Oder im Amt für Stadtgrün und Gewässer, wo ja inzwischen das Auenentwicklungskonzept genauso Kräfte bindet wie der Strategiewechsel in Parks und Grünanlagen, aber auch das vom Stadtrat beauftrage Pflanzprogramm für Straßenbäume, welches das Amt auch 2022 nicht erfüllen konnte, wie der Ökolöwe vorrechnet. Im Juni 2022 waren noch immer 132 Stellen im Umweltdezernat nicht besetzt, obwohl das Soll der Planstellen inzwischen von 1.696 auf 1.771 angewachsen ist.
Zum Nachsteuern zu summarisch
Die Vorlage erklärt zwar sehr detailliert, wie man im Rathaus selbst ausbildet und den eigenen Nachwuchs an die Leipziger Verwaltung bindet.
Aber was genau an Qualifikationen in welchem Dezernat fehlt, ist aus der Vorlage nicht erkenntlich. Was es dann den Fraktionen sehr schwer machen dürfte, in den Haushaltsverhandlungen tatsächlich sinnvoll nachzusteuern. Denn es macht einen gewaltigen Unterschied, ob ein Amtsleiter den eigenen Personalbedarf nicht sieht und deshalb auch nicht anmeldet, oder ob die Stellen längst beschlossen sind, nur eben nicht besetzt werden konnten, weil es an Bewerbern fehlt.
Damit verglichen ist die Personalgewinnung in Dezernaten wie dem für Jugend, Schule und Demokratie und dem für Soziales, Gesundheit und Vielfalt sehr stabil. 96,1 Prozent aller Stellen sind nach Rechnung des Verwaltungsdezernats besetzt. Aber die Unterschiede zwischen den Dezernaten sind gravierend. Und gerade das Umweltdezernat mit einer Stellenbesetzungsquote von 92,5 Prozent und das Baudezernat mit 92,9 Prozent haben unübersehbar noch einen gewaltigen Nachholbedarf.
Zur falschen Zeit am Personal gespart
Es sind diese beiden Sorgendezernate, die letztlich auch unter den vielen zurückliegenden Einstellungsstopps leiden aus Jahren, als die Landesdirektion und die Verwaltung noch meinten, man bekomme durch eingespartes Personal tatsächlich einen stabilen Haushalt gebacken. Darin steckt das ganze kurzfristige Denken, unter dem die sächsische Kommunalpolitik bis heute leidet.

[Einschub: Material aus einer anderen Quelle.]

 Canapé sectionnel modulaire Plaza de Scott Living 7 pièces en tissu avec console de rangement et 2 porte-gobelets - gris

Getrieben von „Finanzfachleuten“, die über das Denken der „schwäbischen Hausfrau“ einfach nicht hinauskommen und nicht einmal verstehen, dass unterlassene Infrastrukturinvestitionen den Landeshaushalt in Zukunft viel teurer zu stehen kommen, als wenn man sie mit dem verfügbaren Geld zeitnah gebaut hätte.
Und Leipzig hätte ja seit Jahren schon gern mehr gebaut, musste aber Jahr um Jahr feststellen, dass viele Projekte auch deshalb nicht angepackt wurden, weil die Planer fehlten. Planer, die man einfach nicht eingestellt hatte, weil eine übergeordnete Behörde der Stadt einen gefährdeten Haushalt attestierte.

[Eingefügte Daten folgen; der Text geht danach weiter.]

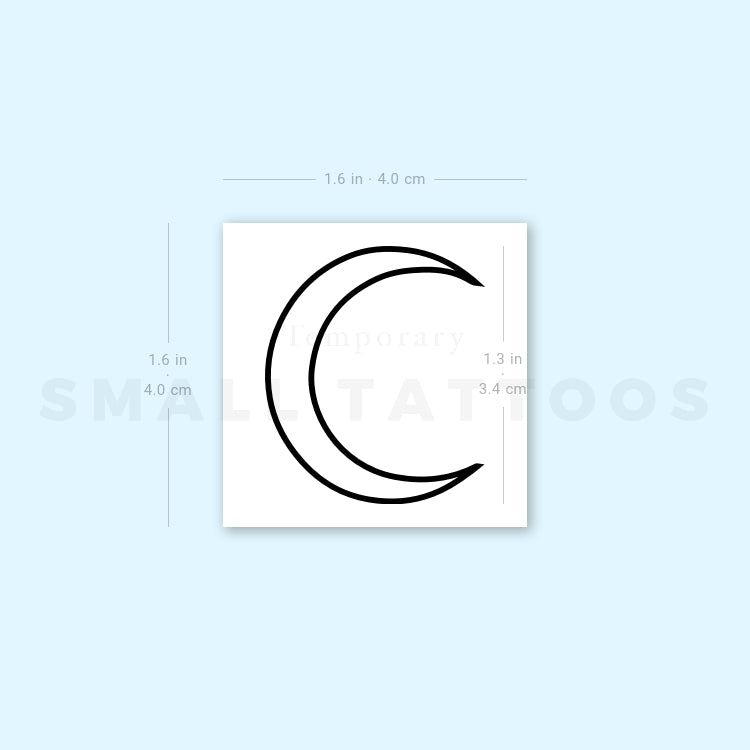 Fine Line Crescent Moon Temporary Tattoo - Set of 3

Ergebnis ist genau der Berg aus Haushaltsausgabenresten, über den Finanzbürgermeister Torsten Bonew jedes Jahr stöhnt. Und natürlich Pläne, die schlicht nicht erfüllt werden – sei es das Straßenbaumprogramm, sei es das Radverkehrsentwicklungskonzept, seien es die immer schneller veraltenden Prioritätenlisten für den Straßen- und Brückenbau. Und vom Trauerspiel der ÖPNV-Planung muss man da gar nicht erst reden.

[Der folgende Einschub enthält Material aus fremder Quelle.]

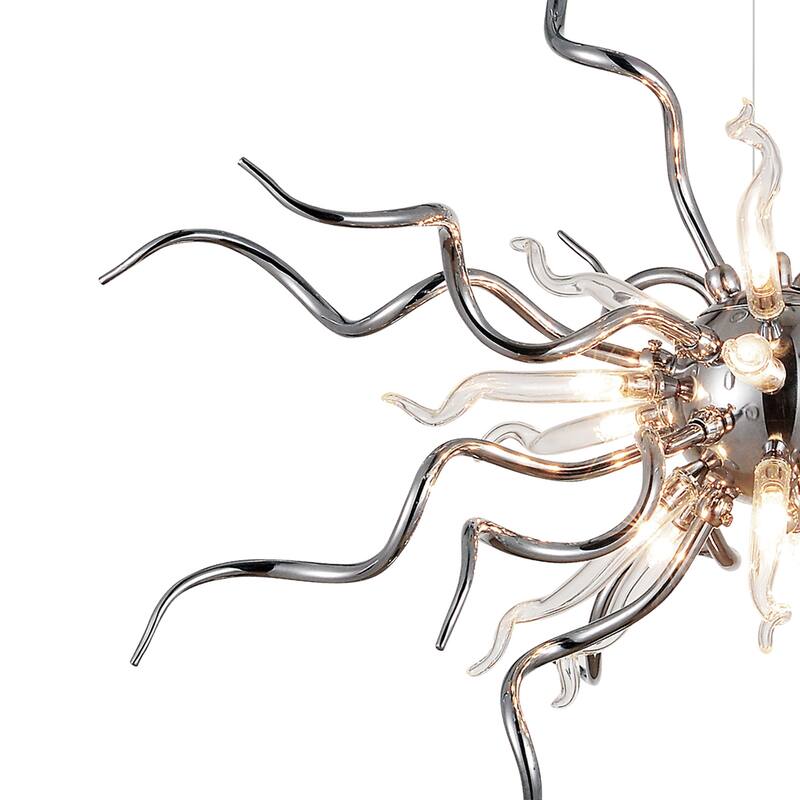 Twist 15 Light Chandelier With Chrome Finish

Wenn die Fraktionssprecher fürs Finanzielle klug sind, lassen sie sich im Fachausschuss ämtergenau die tatsächlichen Bedarfe noch einmal geben, eine Übersicht der tatsächlichen Stellenausschreibungen und der Gründe, warum wichtige Planstellen nicht besetzt werden konnten. Dann kann man auch nachsteuern. Alles andere wäre ein Schießen ins Blaue.
Denn die Übersicht zeigt eben auch, dass der Personalbedarf der Leipziger Verwaltung in den zwei Jahren um 361 Stellen angewachsen ist, 403 Stellen aber auch besetzt werden konnten.
Die Lücke beim Personalbedarf ist also kleiner geworden. Das Bemühen um geeigneten Nachwuchs ist unübersehbar. Und eben auch der Erfolg einer Verwaltung, die in den letzten Jahren auch zunehmend verstanden hat, dass man nicht wirklich spart, wenn man an der falschen Stelle das Personal ausdünnt.